Posted: 28 September 2017 | | No comments yet

As the low-budget airline’s crisis worsens, a threat of court action emerges with a British regulatory body saying Ryanair has failed to inform passengers.


BAD TO WORSE: 800,000 flyers have been affected by the cancellations.

Irish low-cost airline Ryanair may face a legal challenge to add to its woes after a British regulator launched enforcement action.

The Civil Aviation Authority (CAA) made the move against Ryanair for ‘persistently misleading passengers with inaccurate information regarding their rights in respect of its recent cancellations’. It announced its intentions yesterday.

The action is in response to the highly-publicised crisis involving pilots’ holidays and the ensuing raft of cancellations earlier this month. It comes on the same day the budget airline issued a notice saying it would be cancelling a further 18,000 flights, bringing the total number of passengers affected to 800,000.

When the first barrage of cancellations was issued on September 15, the CAA wrote to Ryanair to explain the airline’s legal obligations and sought reassurances around how and when they would reroute passengers onto alternative flights.
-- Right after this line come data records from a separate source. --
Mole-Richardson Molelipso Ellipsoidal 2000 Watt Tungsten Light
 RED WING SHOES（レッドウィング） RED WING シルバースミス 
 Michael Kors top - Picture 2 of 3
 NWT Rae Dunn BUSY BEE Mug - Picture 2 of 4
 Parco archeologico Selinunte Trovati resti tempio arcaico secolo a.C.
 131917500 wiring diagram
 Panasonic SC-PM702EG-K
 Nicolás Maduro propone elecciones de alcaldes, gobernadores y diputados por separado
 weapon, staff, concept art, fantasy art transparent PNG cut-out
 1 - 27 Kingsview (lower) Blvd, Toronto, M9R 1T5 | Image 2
It was told to make a public statement, ensuring customers were not misled and had accurate comprehensive information about their flights and entitlements. 

After yesterday’s announcement, the CAA declared the airline failed to provide customers with this information and intends to take it to court accordingly.

Commenting on the enforcement action, the Civil Aviation Authority’s Chief Executive, Andrew Haines, said: “There are clear laws in place, which are intended to assist passengers in the event of a cancellation, helping minimise both the frustration and inconvenience caused by circumstances completely out of their control.

We have made this crystal clear to Ryanair, who are well aware of their legal obligations, which includes how and when they should reroute passengers, along with the level of information it provides its passengers.  The information Ryanair published today again fails to makes this clear.

In expediting our enforcement action we are seeking to ensure that Ryanair’s customers will receive the correct and necessary information, to make an informed choice about an alternative flight.”

You can read the CAA’s letter here.

In an announcement on its website, the airline’s boss Michael O’Leary said yesterday: “We sincerely apologise to those customers who have been affected by last week’s flight cancellations, or these sensible schedule changes announced today. While over 99 per cent of our 129m customers will not have been affected by any cancellations or disruptions, we deeply regret any doubt we caused existing customers last week about Ryanair’s reliability, or the risk of further cancellations.

“From today, there will be no more rostering related flight cancellations this winter or in summer 2018. Slower growth this winter, will create lots of spare aircraft and crews which will allow us to manage the exceptional volumes of annual leave we committed to delivering in the 9 months to Dec 2017. We will start a new 12 month leave period on the 1st of Jan 2018 in full compliance with EU regulations and the IAA’s requirements.

“All of the passengers who have been affected by these disruptions have now been offered re-accommodation or full refunds and their applicable EU261 entitlements. In addition today, they are receiving a travel voucher (€40 one way/€80 return) which they may use to book any Ryanair flight of their choice during October for travel between October and March 2018. We look forward to welcoming them all on board.”